(Source data):
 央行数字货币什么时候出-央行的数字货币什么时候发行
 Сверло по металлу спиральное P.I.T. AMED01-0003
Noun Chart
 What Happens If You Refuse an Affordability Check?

(Problem statement):
Write out exactly the lines from the one containing "Сверло по металлу" through the end of the data, both included. Add nothing else.

(Solution for this exercise):
 Сверло по металлу спиральное P.I.T. AMED01-0003
Noun Chart
 What Happens If You Refuse an Affordability Check?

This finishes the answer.